Hamas Shuts Down Gaza Protest with Mass Beatings and Arrests

Ashraf Amra/APAIMAGES
Ashraf Amra/APAIMAGES

Hamas, the radical Islamist entity which rules the Gaza Strip, carried out mass beatings and arrests to shut down a protest on Wednesday.

Over 400 Gazans took to the streets of Shejaiya to express their discontent, but they were quickly shut down after plainclothes Hamas police officers ran into the crowd and carried out a number of beatings, AFP reports.

Shejaiya, a neighborhood in northeast Gaza, was heavily hit by Israeli forces in a war between the Jewish state and Hamas in the summer of 2014. Much of Shejaiya was left in ruins after Hamas conducted missile launches into Israel from inside the city. The terror group frequently used women and children as human shields to carry out the indiscriminate rocket attacks against Israel’s civilian population centers.

After the beatings, the Hamas authorities arrested at least seven individuals who participated in the protest, a witness told AFP.

The Hamas Interior Ministry claimed that police had to step in “to protect the lives of those participating, after which calm prevailed.”

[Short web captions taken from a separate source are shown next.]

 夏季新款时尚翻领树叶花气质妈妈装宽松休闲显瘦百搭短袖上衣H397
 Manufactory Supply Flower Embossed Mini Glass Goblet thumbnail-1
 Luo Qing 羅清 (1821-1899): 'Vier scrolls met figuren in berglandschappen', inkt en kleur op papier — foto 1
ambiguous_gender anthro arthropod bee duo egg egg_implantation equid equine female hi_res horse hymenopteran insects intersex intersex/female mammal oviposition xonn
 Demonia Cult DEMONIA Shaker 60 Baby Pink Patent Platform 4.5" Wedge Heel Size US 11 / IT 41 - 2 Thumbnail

Hamas has a long track record of violently shutting down protests in Gaza and sometimes takes extreme action to discourage public dissent. In July 2014, 20 Gazans who took part in anti-war protests were immediately rounded up and shot dead by Hamas police, according Israel’s Channel 10 news.

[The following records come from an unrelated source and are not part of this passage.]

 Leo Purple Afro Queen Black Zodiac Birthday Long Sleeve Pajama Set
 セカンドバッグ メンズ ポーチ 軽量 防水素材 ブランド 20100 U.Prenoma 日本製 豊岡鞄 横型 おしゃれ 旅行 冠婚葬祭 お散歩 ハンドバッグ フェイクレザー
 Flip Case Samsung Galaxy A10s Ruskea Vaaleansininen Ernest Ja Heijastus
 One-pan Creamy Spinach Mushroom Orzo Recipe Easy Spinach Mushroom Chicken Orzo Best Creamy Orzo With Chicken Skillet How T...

The Palestinian Islamist group seized authority over Gaza in 2007 after Israel unilaterally withdrew from the territory in exchange for hopes for peace with the Palestinians.

Hamas’s charter explicitly calls for the destruction of Israel and the killing of Jews. In March 2014, its chairman, Khaled Mashaal, reaffirmed the group’s genocidal principles. Mashaal said that one’s greatest achievement in life is to die a martyr, and that Palestinians should always be seeking Israel’s destruction.